→ **AIM OF THE EXERCISE**:
Repeat, please, only the lines from the top of the data down to the line with "The children crowd"; include both of those lines.

→ **GIVEN ENTRIES**:

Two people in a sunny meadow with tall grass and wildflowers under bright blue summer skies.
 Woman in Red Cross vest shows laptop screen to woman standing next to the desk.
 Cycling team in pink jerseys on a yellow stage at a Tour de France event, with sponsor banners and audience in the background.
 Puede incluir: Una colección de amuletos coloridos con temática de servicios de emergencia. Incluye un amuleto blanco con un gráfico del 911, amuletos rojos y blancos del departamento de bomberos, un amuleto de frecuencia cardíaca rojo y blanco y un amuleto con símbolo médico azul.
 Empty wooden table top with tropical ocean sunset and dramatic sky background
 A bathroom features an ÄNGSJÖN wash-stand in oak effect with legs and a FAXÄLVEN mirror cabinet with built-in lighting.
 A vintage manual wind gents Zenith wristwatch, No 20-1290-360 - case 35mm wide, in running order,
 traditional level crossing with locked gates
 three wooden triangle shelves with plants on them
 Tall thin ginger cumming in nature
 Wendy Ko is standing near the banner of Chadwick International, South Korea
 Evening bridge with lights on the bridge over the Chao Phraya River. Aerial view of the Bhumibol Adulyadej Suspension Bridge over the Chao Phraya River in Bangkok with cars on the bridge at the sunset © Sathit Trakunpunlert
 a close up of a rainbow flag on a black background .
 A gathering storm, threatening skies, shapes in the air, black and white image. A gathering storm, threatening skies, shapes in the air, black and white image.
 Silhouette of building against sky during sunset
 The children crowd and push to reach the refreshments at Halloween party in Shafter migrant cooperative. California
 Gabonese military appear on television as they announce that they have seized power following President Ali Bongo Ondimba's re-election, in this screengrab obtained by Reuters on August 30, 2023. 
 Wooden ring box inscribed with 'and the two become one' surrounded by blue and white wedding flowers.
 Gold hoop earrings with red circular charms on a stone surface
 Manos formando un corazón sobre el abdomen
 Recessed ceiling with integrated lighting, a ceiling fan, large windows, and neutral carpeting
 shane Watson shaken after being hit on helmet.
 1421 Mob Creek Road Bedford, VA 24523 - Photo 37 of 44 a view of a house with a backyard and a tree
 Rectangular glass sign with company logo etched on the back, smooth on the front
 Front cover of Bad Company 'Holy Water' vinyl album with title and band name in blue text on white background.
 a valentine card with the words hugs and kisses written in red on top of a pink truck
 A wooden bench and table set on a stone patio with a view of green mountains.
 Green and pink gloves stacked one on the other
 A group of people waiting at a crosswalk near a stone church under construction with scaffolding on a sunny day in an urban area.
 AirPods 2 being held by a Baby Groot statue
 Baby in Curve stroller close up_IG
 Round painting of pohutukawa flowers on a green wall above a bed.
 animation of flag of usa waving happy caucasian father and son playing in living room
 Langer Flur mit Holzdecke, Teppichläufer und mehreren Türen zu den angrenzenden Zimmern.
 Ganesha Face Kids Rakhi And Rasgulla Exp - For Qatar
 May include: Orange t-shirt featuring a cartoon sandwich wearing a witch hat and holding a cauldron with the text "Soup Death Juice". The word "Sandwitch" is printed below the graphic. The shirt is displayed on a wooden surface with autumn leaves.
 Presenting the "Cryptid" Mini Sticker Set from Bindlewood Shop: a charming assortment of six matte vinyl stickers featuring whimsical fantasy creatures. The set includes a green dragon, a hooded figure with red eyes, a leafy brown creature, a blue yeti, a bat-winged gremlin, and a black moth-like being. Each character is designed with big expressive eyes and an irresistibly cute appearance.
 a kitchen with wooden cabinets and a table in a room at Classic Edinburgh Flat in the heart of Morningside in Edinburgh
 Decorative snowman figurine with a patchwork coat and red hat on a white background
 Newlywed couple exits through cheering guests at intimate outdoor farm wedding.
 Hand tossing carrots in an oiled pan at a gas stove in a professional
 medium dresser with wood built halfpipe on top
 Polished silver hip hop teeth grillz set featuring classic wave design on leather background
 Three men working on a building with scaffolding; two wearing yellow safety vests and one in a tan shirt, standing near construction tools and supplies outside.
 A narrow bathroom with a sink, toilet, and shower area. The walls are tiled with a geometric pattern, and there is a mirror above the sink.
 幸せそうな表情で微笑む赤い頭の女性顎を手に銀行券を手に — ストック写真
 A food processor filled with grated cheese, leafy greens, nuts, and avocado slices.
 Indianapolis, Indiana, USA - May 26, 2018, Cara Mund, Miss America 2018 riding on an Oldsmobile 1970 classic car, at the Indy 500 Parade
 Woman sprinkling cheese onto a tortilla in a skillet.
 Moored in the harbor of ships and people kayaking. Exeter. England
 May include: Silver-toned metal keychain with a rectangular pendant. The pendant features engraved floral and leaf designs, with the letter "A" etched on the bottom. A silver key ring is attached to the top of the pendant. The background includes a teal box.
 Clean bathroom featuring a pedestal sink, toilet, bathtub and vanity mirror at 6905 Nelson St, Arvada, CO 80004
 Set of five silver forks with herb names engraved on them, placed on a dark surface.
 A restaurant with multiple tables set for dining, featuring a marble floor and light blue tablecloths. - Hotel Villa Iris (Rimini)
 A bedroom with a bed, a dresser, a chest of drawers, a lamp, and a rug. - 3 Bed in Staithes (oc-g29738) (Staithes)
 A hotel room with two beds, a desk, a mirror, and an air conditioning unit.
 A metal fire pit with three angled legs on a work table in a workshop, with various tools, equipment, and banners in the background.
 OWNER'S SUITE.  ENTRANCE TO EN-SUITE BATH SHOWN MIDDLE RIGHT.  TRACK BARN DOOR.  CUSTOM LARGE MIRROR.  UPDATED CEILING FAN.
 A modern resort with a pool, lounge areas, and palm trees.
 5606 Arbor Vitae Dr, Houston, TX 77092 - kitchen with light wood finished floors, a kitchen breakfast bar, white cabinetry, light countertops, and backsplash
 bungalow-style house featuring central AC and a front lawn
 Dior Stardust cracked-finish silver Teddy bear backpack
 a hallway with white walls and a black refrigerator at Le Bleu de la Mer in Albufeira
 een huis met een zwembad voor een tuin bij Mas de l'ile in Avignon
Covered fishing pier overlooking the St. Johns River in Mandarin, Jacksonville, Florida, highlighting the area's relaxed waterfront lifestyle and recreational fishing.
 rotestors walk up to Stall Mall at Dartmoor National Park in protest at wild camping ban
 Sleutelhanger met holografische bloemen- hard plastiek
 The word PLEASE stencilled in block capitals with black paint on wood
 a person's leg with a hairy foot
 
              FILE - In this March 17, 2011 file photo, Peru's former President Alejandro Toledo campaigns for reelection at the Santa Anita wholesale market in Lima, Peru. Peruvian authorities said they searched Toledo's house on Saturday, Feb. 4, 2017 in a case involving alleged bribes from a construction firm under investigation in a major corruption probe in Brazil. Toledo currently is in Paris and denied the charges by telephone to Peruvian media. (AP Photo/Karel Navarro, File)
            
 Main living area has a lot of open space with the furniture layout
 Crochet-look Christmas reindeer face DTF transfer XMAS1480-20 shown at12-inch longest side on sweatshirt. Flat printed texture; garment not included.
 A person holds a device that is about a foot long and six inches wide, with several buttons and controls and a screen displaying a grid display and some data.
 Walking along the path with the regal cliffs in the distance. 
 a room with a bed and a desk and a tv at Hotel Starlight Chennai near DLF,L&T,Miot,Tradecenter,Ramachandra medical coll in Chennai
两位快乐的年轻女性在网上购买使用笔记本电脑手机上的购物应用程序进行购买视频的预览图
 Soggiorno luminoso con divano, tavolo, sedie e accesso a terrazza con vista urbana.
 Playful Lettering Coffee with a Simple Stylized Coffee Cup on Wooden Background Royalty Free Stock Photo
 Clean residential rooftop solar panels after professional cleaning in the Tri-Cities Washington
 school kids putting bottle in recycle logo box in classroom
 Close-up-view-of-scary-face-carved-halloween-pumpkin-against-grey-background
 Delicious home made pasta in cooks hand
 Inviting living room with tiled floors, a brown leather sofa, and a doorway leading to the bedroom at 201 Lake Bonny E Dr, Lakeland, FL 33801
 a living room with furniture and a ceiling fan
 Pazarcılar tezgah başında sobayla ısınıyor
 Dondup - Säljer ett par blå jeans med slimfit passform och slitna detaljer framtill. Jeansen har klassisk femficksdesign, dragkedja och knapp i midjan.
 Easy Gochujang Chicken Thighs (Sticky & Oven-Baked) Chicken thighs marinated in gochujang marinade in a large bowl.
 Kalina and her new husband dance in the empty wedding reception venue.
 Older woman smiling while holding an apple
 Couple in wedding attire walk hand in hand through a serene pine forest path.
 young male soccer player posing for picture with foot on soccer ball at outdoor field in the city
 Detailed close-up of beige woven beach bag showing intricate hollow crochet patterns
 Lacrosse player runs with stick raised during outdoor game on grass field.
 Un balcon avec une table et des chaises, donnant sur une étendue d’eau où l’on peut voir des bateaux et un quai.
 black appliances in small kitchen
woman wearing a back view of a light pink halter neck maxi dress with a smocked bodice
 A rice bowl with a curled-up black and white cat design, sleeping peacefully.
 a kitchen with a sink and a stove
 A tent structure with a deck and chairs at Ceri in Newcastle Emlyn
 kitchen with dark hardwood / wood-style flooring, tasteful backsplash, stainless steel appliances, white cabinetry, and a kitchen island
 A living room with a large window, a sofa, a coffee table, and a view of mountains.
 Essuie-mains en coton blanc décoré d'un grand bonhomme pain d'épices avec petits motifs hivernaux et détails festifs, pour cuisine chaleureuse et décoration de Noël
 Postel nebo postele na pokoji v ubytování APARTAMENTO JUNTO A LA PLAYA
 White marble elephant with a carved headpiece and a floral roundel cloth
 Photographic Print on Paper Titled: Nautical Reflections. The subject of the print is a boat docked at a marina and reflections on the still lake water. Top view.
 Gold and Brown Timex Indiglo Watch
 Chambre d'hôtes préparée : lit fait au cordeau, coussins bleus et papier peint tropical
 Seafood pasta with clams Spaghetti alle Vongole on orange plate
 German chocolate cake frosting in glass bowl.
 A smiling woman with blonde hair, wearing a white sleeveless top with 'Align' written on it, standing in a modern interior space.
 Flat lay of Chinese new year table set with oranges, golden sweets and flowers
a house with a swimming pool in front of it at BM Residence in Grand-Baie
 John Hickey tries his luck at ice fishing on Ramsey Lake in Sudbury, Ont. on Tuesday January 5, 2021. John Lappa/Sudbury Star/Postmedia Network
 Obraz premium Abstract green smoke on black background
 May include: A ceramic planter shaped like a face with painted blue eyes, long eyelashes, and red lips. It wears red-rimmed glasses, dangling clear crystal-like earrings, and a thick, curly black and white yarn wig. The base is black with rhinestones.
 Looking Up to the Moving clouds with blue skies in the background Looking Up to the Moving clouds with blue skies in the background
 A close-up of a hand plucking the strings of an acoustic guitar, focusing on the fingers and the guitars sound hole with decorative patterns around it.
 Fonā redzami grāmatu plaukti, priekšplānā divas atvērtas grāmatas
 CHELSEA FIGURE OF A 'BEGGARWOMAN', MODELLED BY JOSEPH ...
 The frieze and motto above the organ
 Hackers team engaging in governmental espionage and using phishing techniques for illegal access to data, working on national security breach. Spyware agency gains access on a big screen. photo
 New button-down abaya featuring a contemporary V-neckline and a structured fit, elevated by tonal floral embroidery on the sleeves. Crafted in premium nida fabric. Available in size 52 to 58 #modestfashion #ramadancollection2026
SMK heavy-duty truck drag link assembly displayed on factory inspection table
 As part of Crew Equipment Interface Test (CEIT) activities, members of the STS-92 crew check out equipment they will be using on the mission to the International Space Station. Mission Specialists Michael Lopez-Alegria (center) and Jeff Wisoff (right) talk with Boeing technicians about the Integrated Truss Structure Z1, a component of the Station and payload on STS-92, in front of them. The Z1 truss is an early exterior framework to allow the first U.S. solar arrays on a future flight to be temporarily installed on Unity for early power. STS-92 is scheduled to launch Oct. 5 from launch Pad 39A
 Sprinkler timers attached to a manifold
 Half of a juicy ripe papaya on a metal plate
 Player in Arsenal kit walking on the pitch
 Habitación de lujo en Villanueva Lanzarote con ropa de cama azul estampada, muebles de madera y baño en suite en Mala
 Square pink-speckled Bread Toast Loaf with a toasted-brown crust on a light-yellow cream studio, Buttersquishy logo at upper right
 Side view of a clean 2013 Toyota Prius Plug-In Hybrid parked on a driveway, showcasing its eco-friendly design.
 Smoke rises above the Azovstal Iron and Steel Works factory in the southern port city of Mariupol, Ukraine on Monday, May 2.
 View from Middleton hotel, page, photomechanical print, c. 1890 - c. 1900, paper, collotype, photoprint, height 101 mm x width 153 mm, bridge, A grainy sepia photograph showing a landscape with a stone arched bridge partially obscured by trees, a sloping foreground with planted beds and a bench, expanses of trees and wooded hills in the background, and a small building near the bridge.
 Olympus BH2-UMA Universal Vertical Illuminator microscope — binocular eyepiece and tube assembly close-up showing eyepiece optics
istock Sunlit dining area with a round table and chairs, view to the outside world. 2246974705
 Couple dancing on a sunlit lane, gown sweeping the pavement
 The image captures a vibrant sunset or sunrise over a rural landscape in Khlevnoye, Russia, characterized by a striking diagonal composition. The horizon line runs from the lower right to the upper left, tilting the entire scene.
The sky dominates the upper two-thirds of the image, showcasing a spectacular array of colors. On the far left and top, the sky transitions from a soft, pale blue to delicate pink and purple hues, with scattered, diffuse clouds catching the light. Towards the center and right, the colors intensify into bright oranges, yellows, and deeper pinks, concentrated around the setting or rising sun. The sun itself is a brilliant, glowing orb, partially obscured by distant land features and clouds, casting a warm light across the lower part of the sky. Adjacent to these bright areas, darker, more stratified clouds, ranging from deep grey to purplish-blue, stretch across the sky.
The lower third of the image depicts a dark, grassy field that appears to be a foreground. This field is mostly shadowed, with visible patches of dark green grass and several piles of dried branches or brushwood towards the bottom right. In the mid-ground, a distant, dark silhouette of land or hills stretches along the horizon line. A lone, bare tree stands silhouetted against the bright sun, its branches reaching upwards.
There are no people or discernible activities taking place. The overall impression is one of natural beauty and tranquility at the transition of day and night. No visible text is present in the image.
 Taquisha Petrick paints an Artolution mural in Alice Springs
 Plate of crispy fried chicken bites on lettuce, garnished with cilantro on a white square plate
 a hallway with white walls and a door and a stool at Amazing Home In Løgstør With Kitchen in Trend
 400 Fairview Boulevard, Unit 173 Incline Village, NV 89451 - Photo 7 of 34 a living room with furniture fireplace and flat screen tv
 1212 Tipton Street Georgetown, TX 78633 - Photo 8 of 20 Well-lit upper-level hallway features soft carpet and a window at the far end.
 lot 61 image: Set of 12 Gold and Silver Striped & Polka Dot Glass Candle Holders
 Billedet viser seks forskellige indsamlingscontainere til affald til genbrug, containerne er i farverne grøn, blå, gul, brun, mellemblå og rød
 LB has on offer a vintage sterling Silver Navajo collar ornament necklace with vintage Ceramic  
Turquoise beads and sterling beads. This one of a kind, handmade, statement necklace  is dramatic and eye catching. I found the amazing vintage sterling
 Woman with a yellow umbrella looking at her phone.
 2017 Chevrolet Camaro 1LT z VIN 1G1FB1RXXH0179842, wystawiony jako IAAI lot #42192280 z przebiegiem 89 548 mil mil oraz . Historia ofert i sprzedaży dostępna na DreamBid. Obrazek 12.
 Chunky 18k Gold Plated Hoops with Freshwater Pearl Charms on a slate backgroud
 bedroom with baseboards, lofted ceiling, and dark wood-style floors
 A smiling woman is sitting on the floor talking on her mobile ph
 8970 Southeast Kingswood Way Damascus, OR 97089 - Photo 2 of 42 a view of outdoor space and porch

→ **YOUR SOLUTION**:
Two people in a sunny meadow with tall grass and wildflowers under bright blue summer skies.
 Woman in Red Cross vest shows laptop screen to woman standing next to the desk.
 Cycling team in pink jerseys on a yellow stage at a Tour de France event, with sponsor banners and audience in the background.
 Puede incluir: Una colección de amuletos coloridos con temática de servicios de emergencia. Incluye un amuleto blanco con un gráfico del 911, amuletos rojos y blancos del departamento de bomberos, un amuleto de frecuencia cardíaca rojo y blanco y un amuleto con símbolo médico azul.
 Empty wooden table top with tropical ocean sunset and dramatic sky background
 A bathroom features an ÄNGSJÖN wash-stand in oak effect with legs and a FAXÄLVEN mirror cabinet with built-in lighting.
 A vintage manual wind gents Zenith wristwatch, No 20-1290-360 - case 35mm wide, in running order,
 traditional level crossing with locked gates
 three wooden triangle shelves with plants on them
 Tall thin ginger cumming in nature
 Wendy Ko is standing near the banner of Chadwick International, South Korea
 Evening bridge with lights on the bridge over the Chao Phraya River. Aerial view of the Bhumibol Adulyadej Suspension Bridge over the Chao Phraya River in Bangkok with cars on the bridge at the sunset © Sathit Trakunpunlert
 a close up of a rainbow flag on a black background .
 A gathering storm, threatening skies, shapes in the air, black and white image. A gathering storm, threatening skies, shapes in the air, black and white image.
 Silhouette of building against sky during sunset
 The children crowd and push to reach the refreshments at Halloween party in Shafter migrant cooperative. California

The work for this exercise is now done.